Instilling good financial habits into children is a great gift

I was thinking of how the nation is already getting into the spirit of the holiday season and I began to ponder what sort of gifts I would like to distribute to my family and friends this year.

I was thinking of how the nation is already getting into the spirit of the holiday season and I began to ponder what sort of gifts I would like to distribute to my family and friends this year.

Then, as is so often the case, I indulged in a fascinating journey, happily continuing along many paths of fantasy, all associated with enjoying the sort of generosity only made possible while permitted to use Bill Gates' credit card for a day or two.

After all, when we arrive at the end of an exceptionally busy year like 2007, I believe we are entitled to indulge in this sort of pleasure.

Then, to bring back a sense of equilibrium, I began to think of the sort of gifts one can give when little or no money is available.

I even surprised myself when I considered the huge importance of some of these. Come to think of it, they are priceless gifts and certainly far more valuable, and durable, than any could buy with Gates' card.

Holidays are primarily the gift that enables us to devote all our attention to our spouse and children.
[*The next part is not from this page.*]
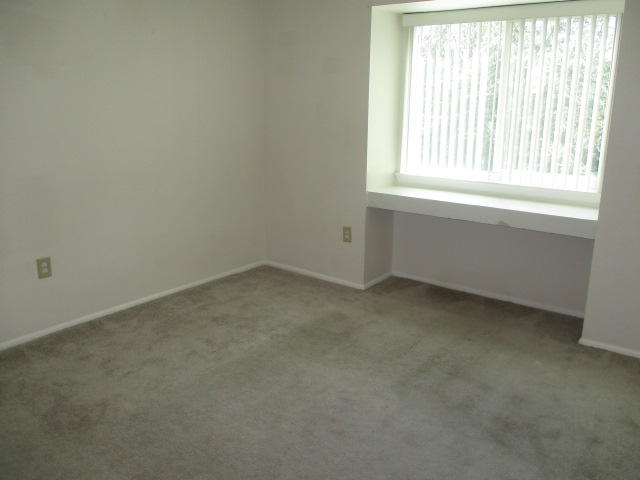 HIDDEN COVE T/H - Residential Lease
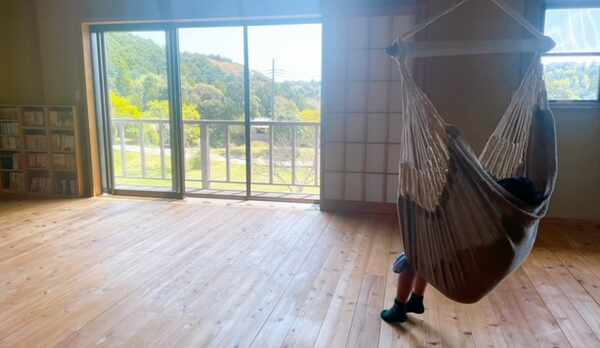 ホビーハウス　室内ブランコ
The appreciation of this got me thinking about our children and grandchildren.

I asked myself what sort of advice I would impart to those who want to give something valuable to their children, but not necessarily expensive.

The answers were interesting. It is clearly far easier to buy an expensive gift for someone than it is to give her something valuable that costs nothing. The expensive shelves are full, but the other shelf requires much soul-searching.
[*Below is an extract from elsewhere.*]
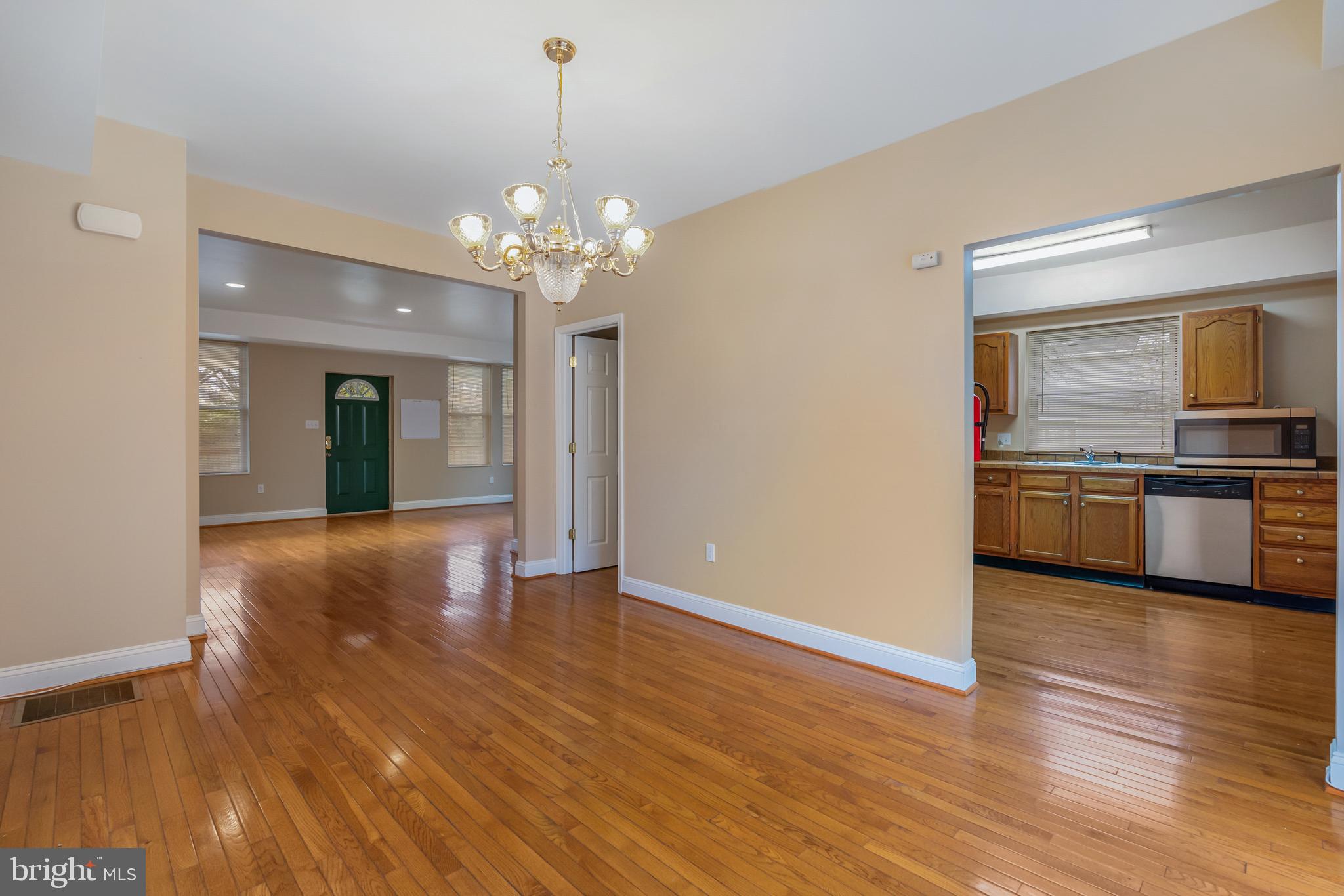 GLEN OAKS - Residential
I thought long and hard about how one might tackle what is arguably the most important ingredient, financial responsibility. How does one instil this in children's minds in the materially-oriented and worldly society of today?

I could never cover the subject adequately enough. We all know what bad habits have done to people's financial status.

As parents and grandparents, how seriously do we take the responsibility of teaching our little folks good financial habits? Is it foremost in our minds that they need to be nurtured to appreciate the real value of money?

It should be: it is one of the greatest gifts we could ever leave them.

But how? Well, start very early with real-life experiences such as an allocation of weekly pocket money, along with enjoyable games to teach young children how to budget efficiently or to check their small change after a purchase.

You mighty even impose small "fines" when they lose something like a towel at school. There are many useful training aids we can use to grow excellent life-support roots, the sort that will cause our young people to develop into upright and responsible, successful citizens.